Actually these three choices are useful with other data models, which we will see in future chapters. With regression model we can simply choose the training set. This tells WEKA that we want to use the data we supplied in the ARFF file to build our data model.

Last step in creating our data model is to select the dependent variable, which is the column we are looking for prediction. We know that this column in the selling price, but we have to tell this to WEKA too. There is a combo box, right below the test options which lets us choose the dependent variable for our data model. Although the col.umn sellingPrice is selected by default, if not so, please select it.

After all this, click on Start. The figure below shows what the output should look like.

Figure5. House price regression model in WEKA

2.8 Interpreting the regression model

WEKA shows the regression model in the output too, and does not mess around.

This is shown clearly in Table 3.

Table 4 displays the result, which is the selling prices of my house, after putting in the values of the independent variables for my house.
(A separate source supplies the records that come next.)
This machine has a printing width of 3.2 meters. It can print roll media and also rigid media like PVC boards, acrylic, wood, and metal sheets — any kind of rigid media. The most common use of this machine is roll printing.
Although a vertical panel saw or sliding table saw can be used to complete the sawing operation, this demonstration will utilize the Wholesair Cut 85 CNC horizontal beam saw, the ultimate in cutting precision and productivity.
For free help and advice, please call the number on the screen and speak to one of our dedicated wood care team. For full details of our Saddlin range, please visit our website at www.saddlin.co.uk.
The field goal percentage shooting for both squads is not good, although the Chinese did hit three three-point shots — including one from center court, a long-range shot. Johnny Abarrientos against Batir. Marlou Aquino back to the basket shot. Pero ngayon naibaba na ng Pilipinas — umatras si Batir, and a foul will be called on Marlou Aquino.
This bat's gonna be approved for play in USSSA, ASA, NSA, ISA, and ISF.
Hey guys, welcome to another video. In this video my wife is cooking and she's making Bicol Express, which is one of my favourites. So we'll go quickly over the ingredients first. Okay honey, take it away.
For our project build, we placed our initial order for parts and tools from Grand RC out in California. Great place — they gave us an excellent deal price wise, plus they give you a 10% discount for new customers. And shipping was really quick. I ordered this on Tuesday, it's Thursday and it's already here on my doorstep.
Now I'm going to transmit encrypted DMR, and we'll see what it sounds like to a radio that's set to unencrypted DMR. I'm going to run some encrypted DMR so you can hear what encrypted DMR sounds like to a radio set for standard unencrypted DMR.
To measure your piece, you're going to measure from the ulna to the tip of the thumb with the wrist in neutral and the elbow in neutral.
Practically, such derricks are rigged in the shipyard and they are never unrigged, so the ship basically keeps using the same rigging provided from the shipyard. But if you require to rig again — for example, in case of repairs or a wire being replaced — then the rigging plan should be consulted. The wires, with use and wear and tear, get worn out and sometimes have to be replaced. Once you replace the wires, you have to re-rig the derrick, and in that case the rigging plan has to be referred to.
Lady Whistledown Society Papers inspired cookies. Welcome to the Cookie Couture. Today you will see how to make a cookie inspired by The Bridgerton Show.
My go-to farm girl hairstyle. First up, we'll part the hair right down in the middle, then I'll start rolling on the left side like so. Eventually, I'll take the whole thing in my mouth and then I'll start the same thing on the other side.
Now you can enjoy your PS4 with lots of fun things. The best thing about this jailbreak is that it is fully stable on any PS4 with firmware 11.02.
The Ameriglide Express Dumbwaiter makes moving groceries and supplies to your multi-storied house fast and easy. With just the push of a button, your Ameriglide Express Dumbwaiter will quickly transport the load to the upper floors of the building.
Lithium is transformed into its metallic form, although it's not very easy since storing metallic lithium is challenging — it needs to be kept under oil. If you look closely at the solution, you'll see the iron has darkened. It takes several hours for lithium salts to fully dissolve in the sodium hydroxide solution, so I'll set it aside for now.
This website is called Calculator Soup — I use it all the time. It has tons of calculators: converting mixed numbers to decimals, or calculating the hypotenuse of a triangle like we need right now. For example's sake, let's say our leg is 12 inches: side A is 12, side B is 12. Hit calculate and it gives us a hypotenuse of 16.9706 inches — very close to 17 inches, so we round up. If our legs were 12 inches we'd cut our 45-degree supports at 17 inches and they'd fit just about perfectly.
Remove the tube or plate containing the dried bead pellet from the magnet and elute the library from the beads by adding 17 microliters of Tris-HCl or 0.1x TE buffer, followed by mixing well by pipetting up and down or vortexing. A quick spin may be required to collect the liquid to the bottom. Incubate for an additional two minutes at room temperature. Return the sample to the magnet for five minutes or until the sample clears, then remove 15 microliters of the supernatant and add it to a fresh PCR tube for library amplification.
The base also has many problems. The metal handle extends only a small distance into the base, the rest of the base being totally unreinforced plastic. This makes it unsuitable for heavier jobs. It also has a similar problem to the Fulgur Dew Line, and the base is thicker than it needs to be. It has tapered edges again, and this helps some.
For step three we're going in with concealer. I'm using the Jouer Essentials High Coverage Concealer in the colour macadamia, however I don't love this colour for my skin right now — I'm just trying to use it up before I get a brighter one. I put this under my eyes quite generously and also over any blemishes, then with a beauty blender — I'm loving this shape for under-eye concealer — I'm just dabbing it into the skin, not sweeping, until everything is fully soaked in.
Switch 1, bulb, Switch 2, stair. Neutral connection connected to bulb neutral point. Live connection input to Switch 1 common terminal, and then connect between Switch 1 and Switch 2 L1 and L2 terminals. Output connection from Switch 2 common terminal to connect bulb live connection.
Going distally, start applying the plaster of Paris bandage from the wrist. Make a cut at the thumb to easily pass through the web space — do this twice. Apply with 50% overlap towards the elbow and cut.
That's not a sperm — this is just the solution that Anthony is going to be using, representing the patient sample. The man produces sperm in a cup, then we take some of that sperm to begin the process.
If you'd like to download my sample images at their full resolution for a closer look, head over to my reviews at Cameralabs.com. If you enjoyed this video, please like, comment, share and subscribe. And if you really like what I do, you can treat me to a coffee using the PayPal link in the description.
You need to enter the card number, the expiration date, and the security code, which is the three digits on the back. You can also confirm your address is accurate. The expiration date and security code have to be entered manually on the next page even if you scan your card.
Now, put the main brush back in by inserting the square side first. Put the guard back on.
However, if we look back to the beginning of the topic of data-mining, we would notice that data-mining is not about giving a number as the output, but it is about identifying patterns in the data and different other rules that can be formulated. It is not used to get a number but rather to develop or create a data model that helps in prediction of different patterns, detect various other parameters and help us come up with definitive results. Now let us interpret the results as shown in the output window, apart from looking at the selling price of the value. Let us look at the formula used for getting this selling price.

The Granite does not matter

To statistically contribute to the accuracy of the model, WEKA only uses the columns that add to the accuracy of the model created. The columns that deplete this accuracy are not used. This regression model tells us that whether granite is present or not, it does not contribute to the selling price of the house.

Bathrooms also do not matter

In this column we have used a simple value of zero or one. Now we use the coefficient we get from the regression model formula to know how the value of upgraded bathroom affects the value of the house overall. The model being discussed tells us that it adds $42,292 to the house value.

Bigger the house, lesser the value

Our model tells us that if the house has larger area, then it will be having lower selling price. This is clearly visible from the negative sign before the houseSize variable. The formula tells that $26 is reduced from the house value for each additional square foot of area. But this makes no sense at all. So, what is the correct interpretation for this fact? The size of the house is not the only independent variable on which the house value is dependent. It is related to the number of bedrooms in the house, because bigger the house, more bedrooms it should have. This clearly indicates that our model is not perfect. But this is not something that cannot be fixed. In the preprocessors tab we can easily remove any column from the data set which we do not want to be contributing to our data model.

Now let us consider another example from the official WEKA website. This is more complex than our example of little number of houses. This example strives to tell what will be the miles per gallon for the given car given the various other parameters. These parameters will range from displacement of engine to the horsepower it produces. Also, how many cylinders does the engine has, how much does the car weigh, what is its acceleration, model and make of the car, what is its production year, country of origin etc. Not only are these, to complicate our model, there about four hundred rows in the given data set. Yes, in theory this looks all complex, but WEKA has no problem handling such data.

To produce the data model for this set of data you have to follow the same steps as shown above for the house example. So I will not again tell you the same steps, and will directly discuss the output you get after creating the model.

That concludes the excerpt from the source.